## What is expected
Only the pictures should be left out; write out all other data exactly.

## Information provided
* * * * *

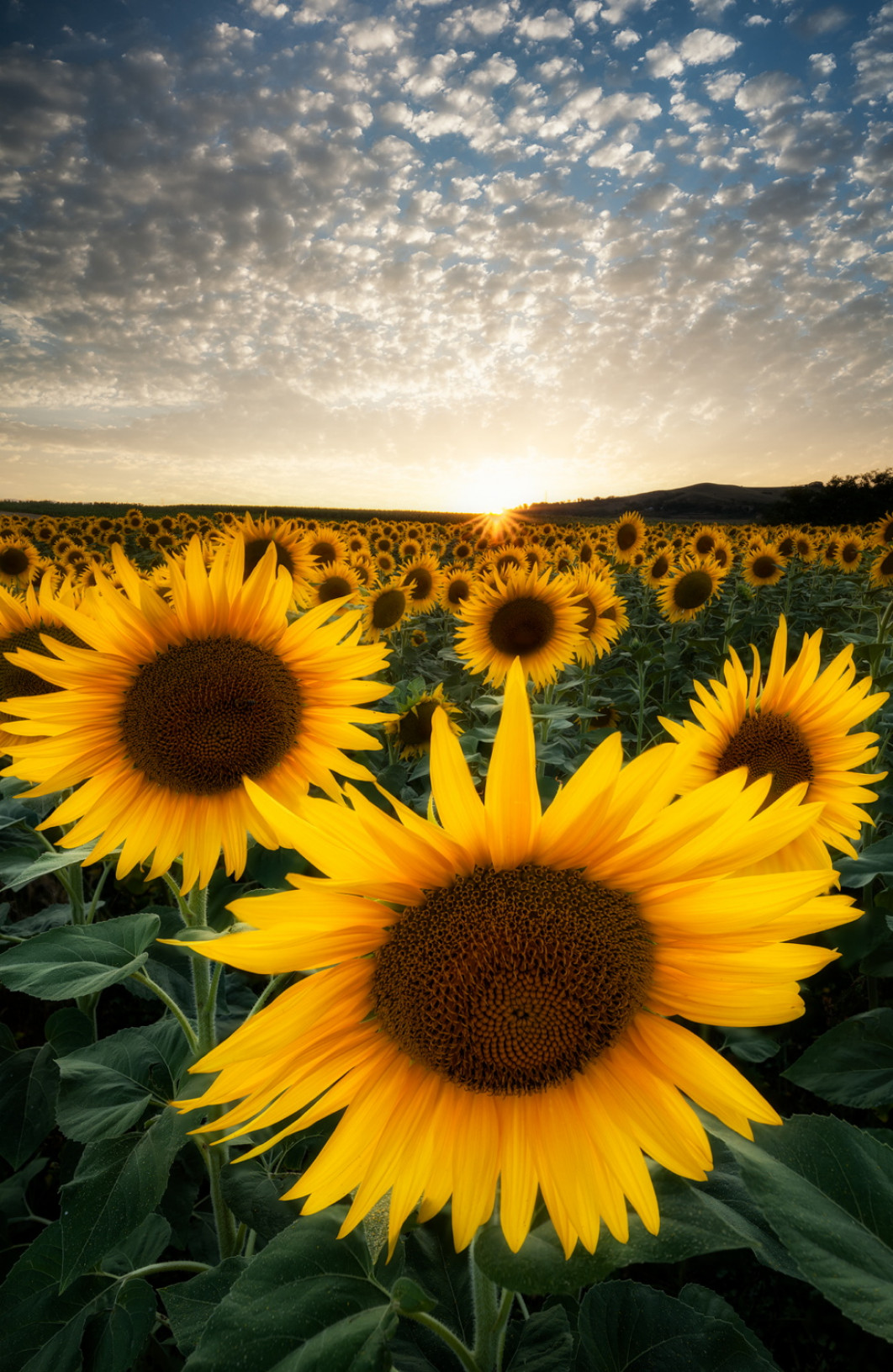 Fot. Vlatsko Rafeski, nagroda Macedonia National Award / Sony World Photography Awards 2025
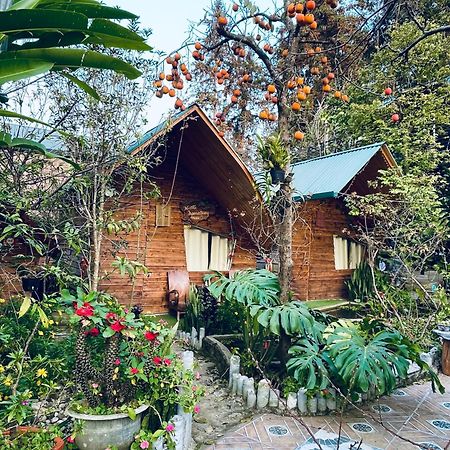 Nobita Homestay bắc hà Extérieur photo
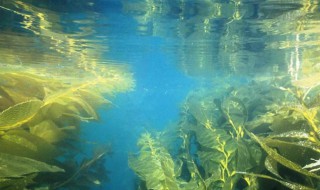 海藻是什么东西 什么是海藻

* * * * *

## Answer for the task
 Fot. Vlatsko Rafeski, nagroda Macedonia National Award / Sony World Photography Awards 2025
 Nobita Homestay bắc hà Extérieur photo
 海藻是什么东西 什么是海藻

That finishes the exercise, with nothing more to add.